Should personal trainers have personal business entities?

By J. DeVoy

Much of my non-working time since the beginning of 2012 has been spent inside of a gym.  While it’s not as social as joining the board of a non-profit, it’s not a bad place to meet small business owners, other lawyers, and even Ice T (provided you join the right gym, and not a wasteland that prohibits effective exercises).  At a decent gym, the vast majority of people either know what they’re doing, or are using the services of a decent personal trainer, who often has a separate arrangement with the gym.  However, when injuries do arise – and more along the lines of ow-my-rotator-cuff-is-busted-after-seven-years-of-pain than the severed finger variety – it’s clear where the trainee and well-resourced gym stand, but there’s some question of what the relatively smaller individual trainer can do.  In fact, in many of these situations, the trainer may be the economically smallest person in the equation, trapped between an injured high net worth individual (or his/her spouse) and a facility with considerable income streams and assets.

One option is to organize a limited-liability company and offer services through it, and keep all assets associated with training within the company.  This would include inflows from clients and outflows for gym memberships, advertising, and work-related equipment, such as sneakers.  While setting up a separate entity may create more paper work, it should make accounting and claiming deductions easier at tax time.  It can even have favorable tax treatment for health care premium payments, provided the S-Corporation election form is filed with the IRS and all requirements are met.
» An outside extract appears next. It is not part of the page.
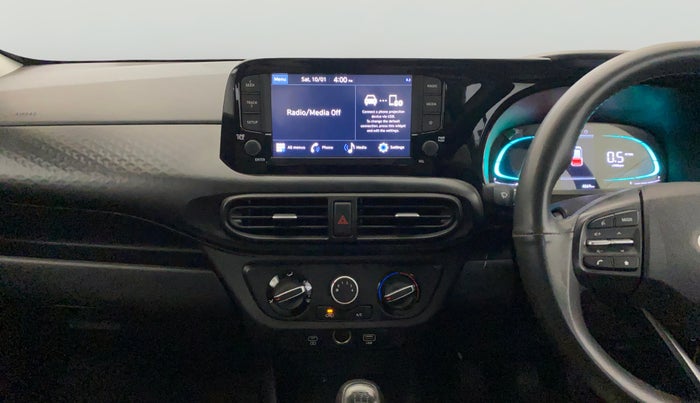 2025 Hyundai EXTER S Executive 1.2 Hy CNG Duo MT, CNG, Manual, 4,021 km, Air Conditioner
In Nevada, though, the strongest protection may come from NRS 86.401, defining the rights and remedies of a creditor of a LLC’s members.  Under that section, the only remedy a creditor has against an individual debtor’s ownership interest in his or her LLC is a charge on the member’s ownership interest – giving the creditor only the rights of an assignee.  NRS 86.401(2) goes on to prohibit the creditor with a charge on the debtor LLC member’s ownership interest from foreclosing on the debtor’s interest, and eliminates any other remedy other than the charge described in NRS 86.401(1).  However, these protections can inadvertently be contracted away. See NRS 84.401(2)(c).

What does this practically mean?  If I’m a trainer and a former client sues me personally, even if the former client wins, he or she cannot touch the money I have in my LLC unless it flows out as a distribution to owners.  This is different from a salary, or even bonus, that the LLC could (and in that situation, would) pay to me as wages in that situation.  Simultaneously, if my LLC is sued but not me personally, it will be very difficult to enforce the judgment against the LLC against me because of Nevada’s robust protections of the corporate form and general unwillingness to pierce the corporate veil (although this is not absolute).  Now, if both my LLC and I were sued… well, that’s what discovery is for, but it seems like one of the scenarios above would be the most likely outcomes.  If the company and individual are properly sued, then that’s an interesting asset protection scenario that I’m not willing to consider for free.

Of course, norms within the fitness community and culture may frown on this use of the corporate form for protection.  I’ve personally never seen a lawsuit filed against a personal trainer.  But, if financial defense against a malicious former client costs only a few hundred bucks – especially if operating without indemnification from an insurer or gym – it may not be a bad idea.

One Response to Should personal trainers have personal business entities?

  1. The Glenchrist Law Firm PLLC says:

    Keep in mind, however, that the IRS “expects” (i.e., requires) that single-member LLCs that elect to be taxed as S-Corps pay the member-owner a “reasonable” W-2 income. A popular heuristic is the so-called “60-40 rule” (i.e., report no more than 60% of income as K-1 investment income and no less than 40% as W-2 wages).

    By the same token, “veil piercing” is unnecessary because the liability would be vicarious anyway (i.e., the LLC is liable for the torts of the owner-member qua employee).